Merriam Webster defines the glass ceiling as “an intangible barrier within a hierarchy that prevents women or minorities from obtaining upper-level positions”. Other sources define it further. “The glass ceiling metaphor has often been used to describe invisible barriers (“glass”) through which women can see elite positions but cannot reach them (“ceiling”). These barriers prevent large numbers of women and ethnic minorities from obtaining and securing the most powerful, prestigious, and highest-grossing jobs in the workforce. Moreover, this effect may make women feel they are not worthy to fill high-ranking positions or as if their bosses do not take them seriously or see them as potential candidates for advancement.” This characterizes the phenomena well, but women in the construction industry also experience challenges if/when they obtain those positions that are perceived as being at the top rung of the leadership ladder.
Lisa, a young but executive level leader in a large construction company, recently shared her frustration. A peer level colleague had secured an intern to help with some of the more administrative work that had kept him at the corporate office several hours into the evening. Lisa had been sharing with her supervisor how busy she is, discussing with him the long list of activities and “jobs” that keep her from really being creative and leading her team. She was surprised that her colleague, having worked there for less than a year, was able to get help to offset the “doing” part of the role when she didn’t get more than a “you do a great job” response from her supervisor. Shaking her head she quipped, “He (her supervisor) knows how buried I am”.
Pam, a leader and part of the firm’s executive management team, was discussing some of the challenges that the company is facing and shared some of the innovative ways it was addressing those challenges.

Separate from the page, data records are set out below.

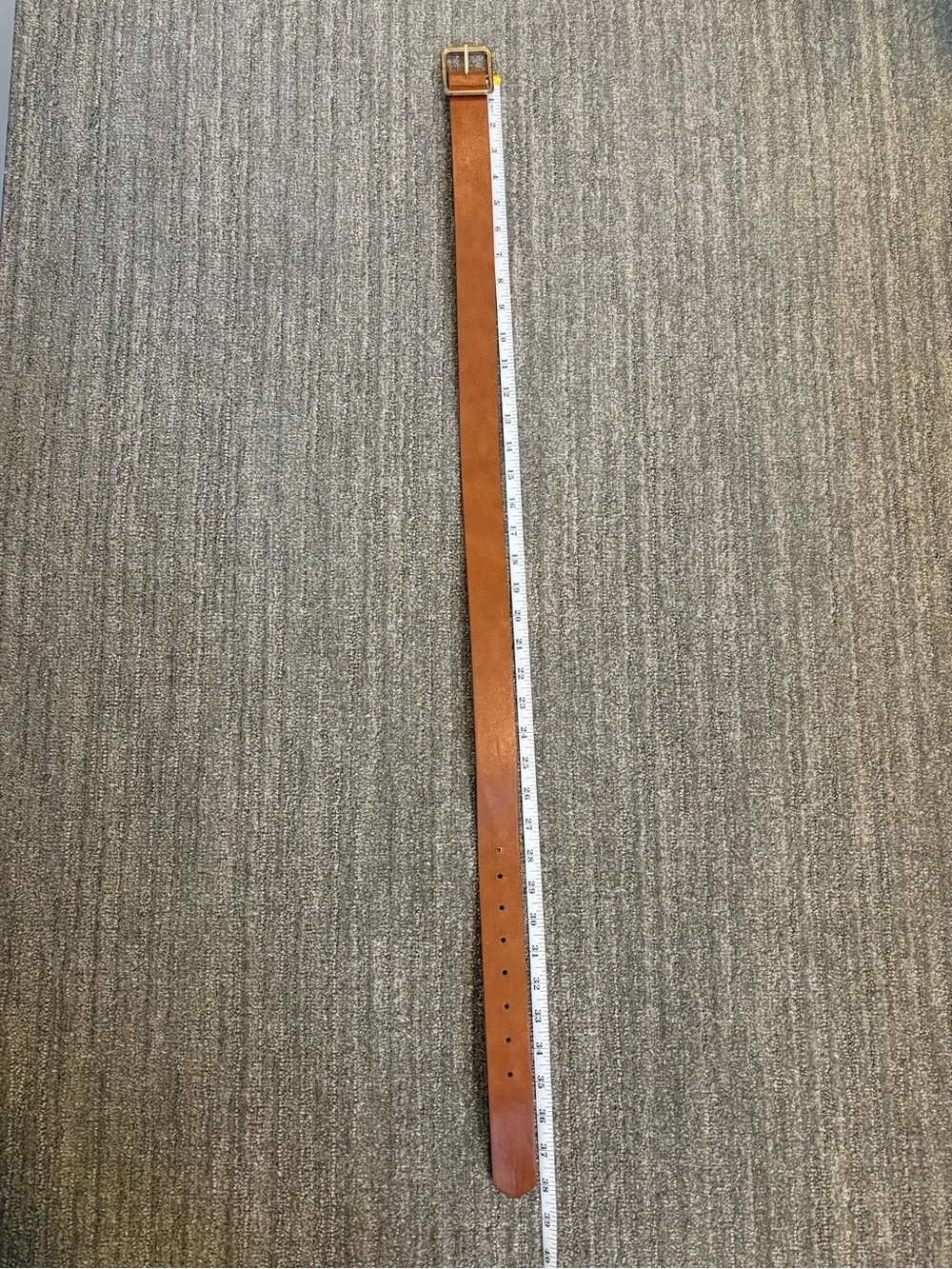 Women’s Size Small Brown Leather Belt with Gold Buckle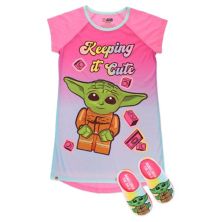 Набор для девочек 4–12 лет LEGO Star Wars Grogu, он же Baby Yoda, ночная рубашка и тапочки Licensed Character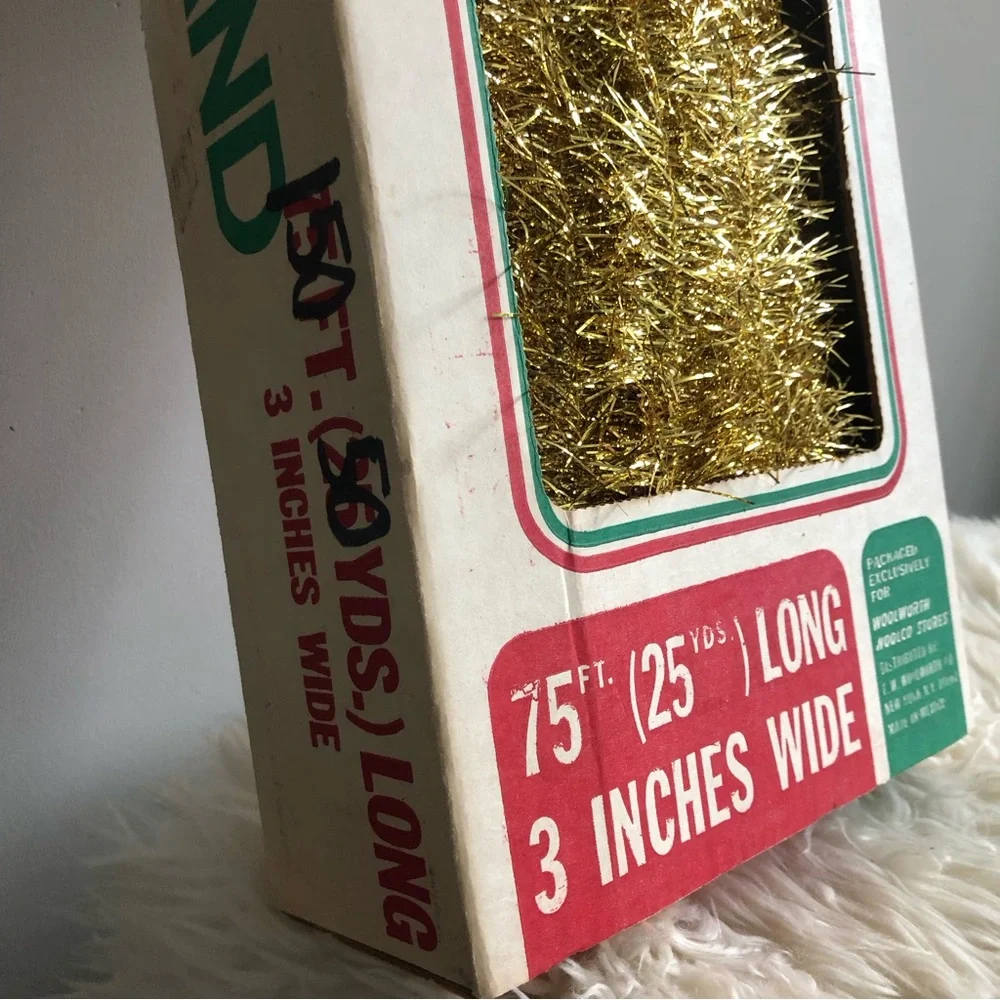 Vintage Light Gold Tone Tinsel Garland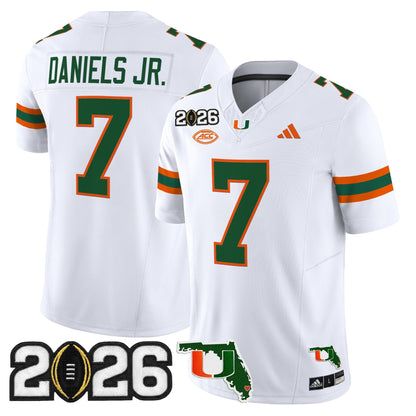 Men's Miami Hurricanes 2026 CFP Final & Florida Patch Vapor Limited Jersey - All Stitched
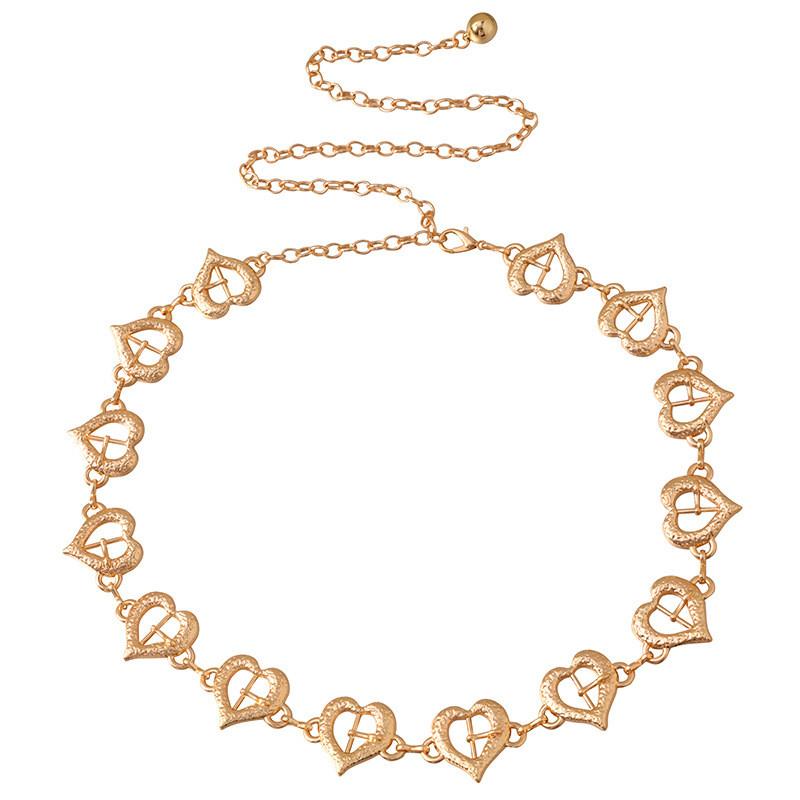 Heart Trendy Shaped Metal Waist Chain With Hollow Buckle For Women Accessory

As she talked about reporting directly to the CEO, and about the other VPs she was working with, I noticed her title was director. Curious, I inquired if she was the only director level leader sitting as a full participant on the EMT. Her response was a lengthy rendition of why she doesn’t need the title. She participates fully and they have high expectations of her. She feels like she’s part of the team. She would like to someday be a VP, but for now, she gets to do the same type of work – and again – the title doesn’t matter.
Joan, a newly appointed C-level executive in an impressive and progressive construction firm, is excited about her opportunity. The only female on the executive team, she feels respected and feels heard and valued by the rest of the EMT. Although the rest of the team is male, they look to her for input and direction. Having the opportunity to work with her as her executive coach, we were discussing her plan to create a new position within her new organization. She felt compelled to rationalize adding the new position, stating that she herself could do the work. There was nobody telling her that she needed to keep on the tactical work, but she felt obligated to continue to “perform” rather than create, and was struggling to let go of what she sees as the activities that got her to the top.
Lisa, Pam and Joan are all experiencing challenges that have shown up as a result of breaking through the glass ceiling. Women may crack through that glass ceiling, but are they climbing up to the next level or hanging out in-between, with one foot still on a sticky rung while they try to effectively participate at the executive level? And if it is the latter, then why?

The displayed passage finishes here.